(Records from a data collection)
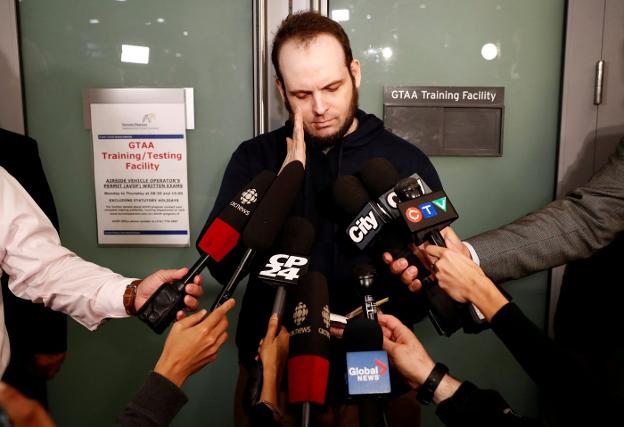 Boyle rompe a llorar ante la prensa al llegar a Toronto. :: reuters

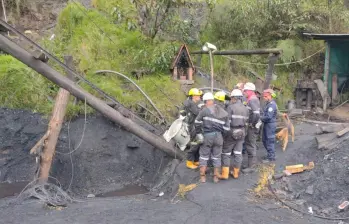 En la vereda El Empalizado del municipio de Zipaquirá, tres mineros quedaron atrapados en una mina de carbón ilegal. FOTO: GOBERNACIÓN CUNDINAMARCA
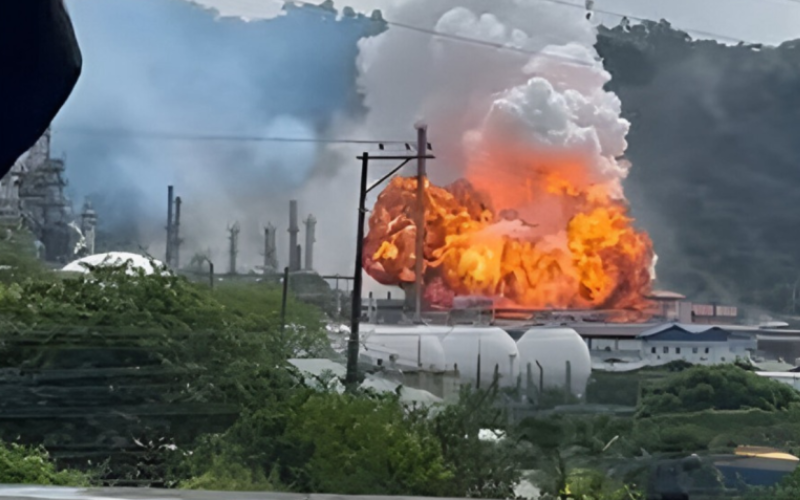 Incendio en la Refinería de Esmeralda, Ecuador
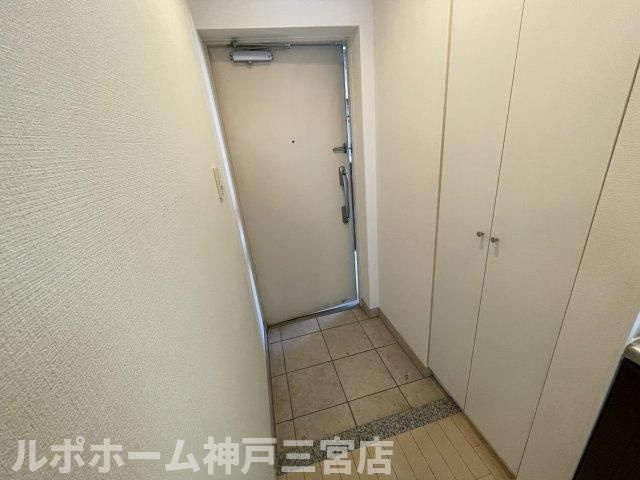 エスライズ新神戸の玄関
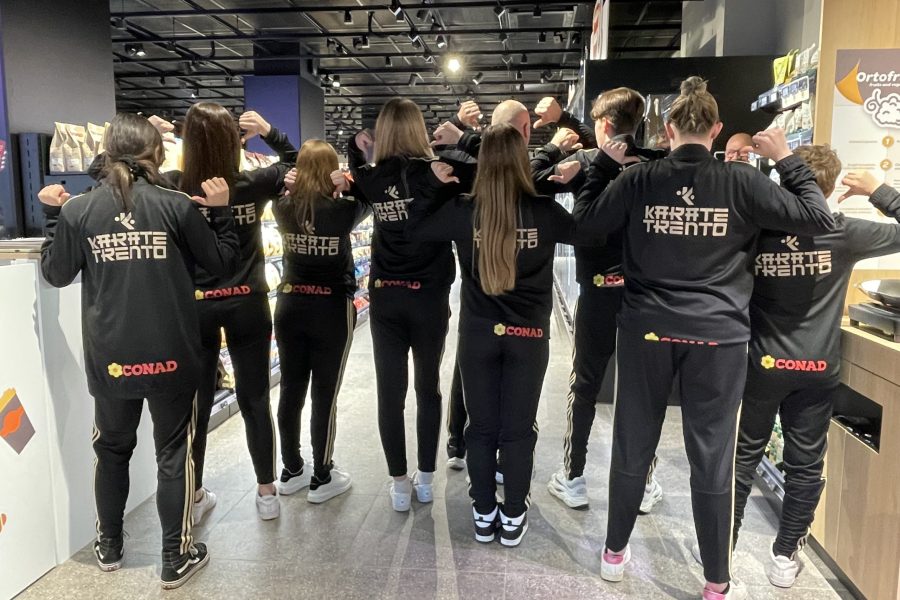 I ragazzi/e del Karate Trento al punto vendita Conad di Trento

• _What to do_
All lines from the one containing "En la vereda" through the end of the entries, both ends included, should be written out exactly, with no pictures.

• _Response below_
 En la vereda El Empalizado del municipio de Zipaquirá, tres mineros quedaron atrapados en una mina de carbón ilegal. FOTO: GOBERNACIÓN CUNDINAMARCA
 Incendio en la Refinería de Esmeralda, Ecuador
 エスライズ新神戸の玄関
 I ragazzi/e del Karate Trento al punto vendita Conad di Trento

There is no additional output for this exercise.